It is common practice to use a broker to secure a commercial loan, but while borrowers believe this makes the application process quicker, more efficient and cost effective, the opposite is in fact true, says Princeton Mortgage Fund.
The majority of brokers provide very little service to borrowers while charging them fees that cost hundreds of thousands of dollars. Borrowers can avoid high brokerage fees by applying directly to lenders.
The typical extent of a broker’s remit is to introduce a borrower to a lender. A reasonable fee for an introduction is 0.25 per cent of the loan amount, however, the standard brokerage fee is 2 per cent or higher.

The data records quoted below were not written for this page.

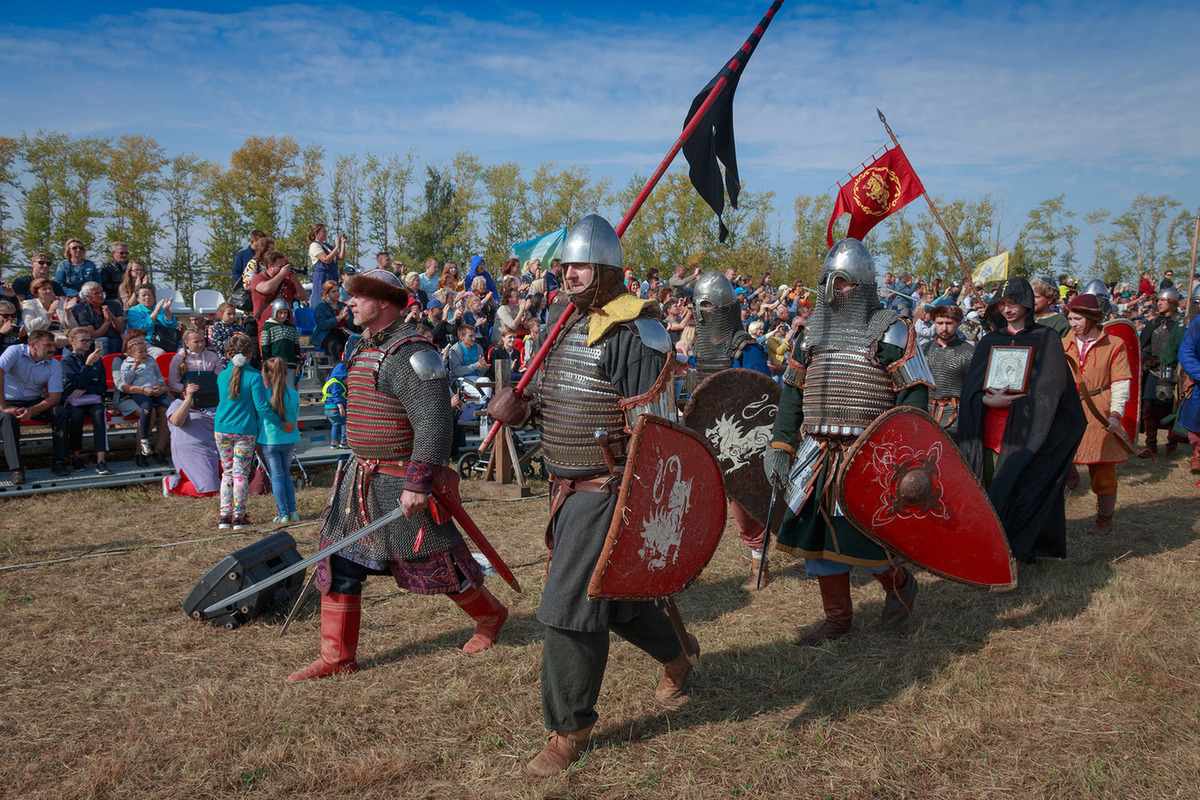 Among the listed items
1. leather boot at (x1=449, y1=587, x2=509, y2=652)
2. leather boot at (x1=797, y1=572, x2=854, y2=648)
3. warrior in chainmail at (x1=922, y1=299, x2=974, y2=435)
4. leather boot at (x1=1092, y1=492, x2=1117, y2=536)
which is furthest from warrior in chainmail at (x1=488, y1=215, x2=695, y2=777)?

Is the intermediary worth the financial hit? Here are several reasons you should think carefully before engaging a broker:
1. Brokers can use smoke and mirror tactics to convince lenders that their candidates are strong while providing little substance or hiding the negative aspects of their applications
2. Brokers often fail to provide lenders with meaningful analysis of the documentation they solicit from borrowers
3. Lenders do 95 per cent of the administrative work required to deliver a loan
4. Lenders regularly request to contact borrowers directly for more detailed assessments of their applications, leaving brokers as mere observers of the process
5. Lenders manage financed projects over 12-18 months to ensure they are delivered on time and within budget and are responsible for troubleshooting along the way.

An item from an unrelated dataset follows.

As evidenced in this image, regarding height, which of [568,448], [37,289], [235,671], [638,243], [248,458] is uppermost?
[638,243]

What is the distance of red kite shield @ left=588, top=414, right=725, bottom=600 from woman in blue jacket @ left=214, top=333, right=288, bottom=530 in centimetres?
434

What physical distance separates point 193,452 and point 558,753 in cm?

It may help to look at a true Princeton Mortgage Fund example of a high (2.2 per cent) versus a low (0.25 per cent) brokerage fee.

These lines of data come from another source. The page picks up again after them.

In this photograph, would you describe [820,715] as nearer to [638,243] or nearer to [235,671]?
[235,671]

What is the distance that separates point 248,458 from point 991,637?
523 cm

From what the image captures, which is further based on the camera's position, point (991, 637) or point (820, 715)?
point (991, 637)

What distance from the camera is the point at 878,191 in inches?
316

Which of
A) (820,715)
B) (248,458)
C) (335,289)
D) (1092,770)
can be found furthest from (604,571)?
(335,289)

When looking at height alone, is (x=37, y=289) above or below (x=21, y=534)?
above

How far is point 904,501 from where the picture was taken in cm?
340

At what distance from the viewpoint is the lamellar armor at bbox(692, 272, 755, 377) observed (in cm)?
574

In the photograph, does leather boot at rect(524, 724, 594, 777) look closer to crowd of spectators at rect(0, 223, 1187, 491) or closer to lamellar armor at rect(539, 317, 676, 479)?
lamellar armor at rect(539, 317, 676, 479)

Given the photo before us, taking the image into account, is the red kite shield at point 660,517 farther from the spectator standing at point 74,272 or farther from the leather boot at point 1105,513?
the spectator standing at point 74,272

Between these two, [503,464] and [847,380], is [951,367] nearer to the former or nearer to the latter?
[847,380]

A broker introduced a borrower to Princeton for a construction loan. The brokerage fee for the $7 million loan was agreed at 2.2 per cent. The application was successful, and the borrower paid the broker $154,000 on the first loan drawdown. If the fee for the introduction $7 million loan example was 0.25 per cent instead, then the borrower would have only paid out $17,500 to the broker.
Considering the mortgage interest paid by the borrower (rounded to $625,000) and the lender’s loan establishment fee of 2.2 per cent ($154,000), the total financing costs were $993,000 for the 2.2 per cent fee, rather than $796,500 for a 0.25 per cent fee. In the higher case, the brokerage fee as a percentage of the total financing costs was 15.5 per cent; in the lower case, it would have been 2.2 per cent.
Princeton Mortgage Fund’s chief executive George Gadallah says that brokers rarely influence the application process or the financial outcome of a loan application.
“Brokers can make themselves seem invaluable in securing commercial loans when they contribute very little,” Gadallah said.
“Speaking directly with a lender like Princeton puts the borrower at the front of the process and gets the job done more efficiently—without the excessive fees.”